Le mot « islamophobie » est désormais sur toutes les lèvres. Tu critiques à raison l’échec sémantique dans lequel nous sommes vertigineusement plongés, tant ce dernier mot est porteur d’autres enjeux que la lutte sincère contre le racisme anti-musulman (les laïcs ayant de toutes les façons très peu voix au chapitre et ce depuis trop longtemps, assignés par d’autres qu’eux-mêmes à une case et une identité définie à leur place).
Tu dis enfin que si les Palestiniens revendiquent la terre de leurs ancêtres, beaucoup d’Israéliens y sont nés et n’ont connu que l’Etat hébreu comme patrie, et que par conséquent, ils y sont chez eux également.
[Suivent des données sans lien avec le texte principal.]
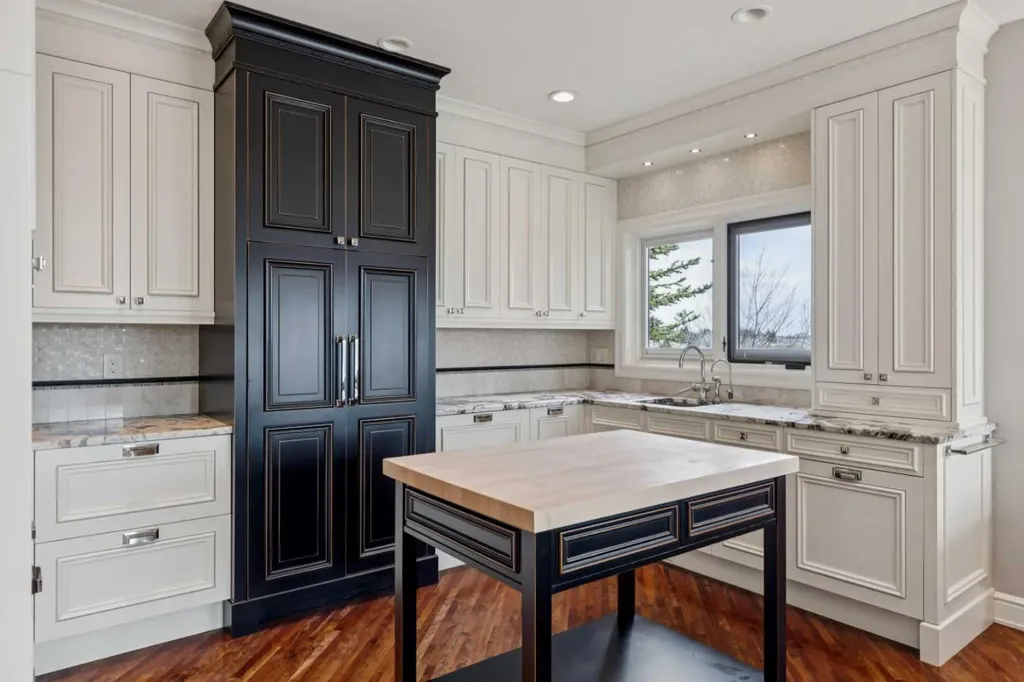 58 Scimitar View NW Calgary AB T3L 2B5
Tu es un adepte de la paix, même si tu sais bien que ce sera long et difficile.
Encore quelques mots car tu m’évoques dans le livre mais tu n’as pas fait mention de mon nom de famille volontairement, pour « me protéger », « au cas où », ai-je appris a posteriori. C’est une des choses les plus jolies qu’il m’ait été donné d’entendre dans ma vie de militante. Il est vrai que les rues de Paris étaient devenues particulièrement inquiétantes en ce mois de juillet 2014, lors du bouclage des épreuves. Nous étions quelques-uns à alerter depuis des mois sur ces drapeaux noirs de Daesh, que nous avions vus, torves et effrayants, irrémédiablement fleurir dans certaines manifestations sur le terreau fertile de l’inaction internationale en Syrie et du massacre de Bachar el-Assad de son propre peuple. Ces drapeaux s’étaient de nouveau affichés, discrètement, à l’orée d’une gloire macabre, place de la Bastille cet été donc, menaçant, à l’occasion de rassemblements « pacifiques »…
Nous fûmes quelques-uns à les remarquer et à (re)sonner l’alerte. Tu en faisais partie.
Je n’oublierai jamais ceux qui ne nous ont pas crus lorsque nous hurlions que si, il avait bien été scandé et entendu « Mort aux Juifs ».
Des Juifs sont bien morts en définitive, exécutés, quelques mois après. De l’atonie et de l’indifférence générale, aussi. C’est pour cela que je voulais également t’écrire à quel point ton livre est important, en signant de mon nom, ici.
Aline Le Bail-Kremer
Waleed Al-Husseini, « Blasphémateur ! Les prisons d’Allah », publié chez Grasset, 238 p.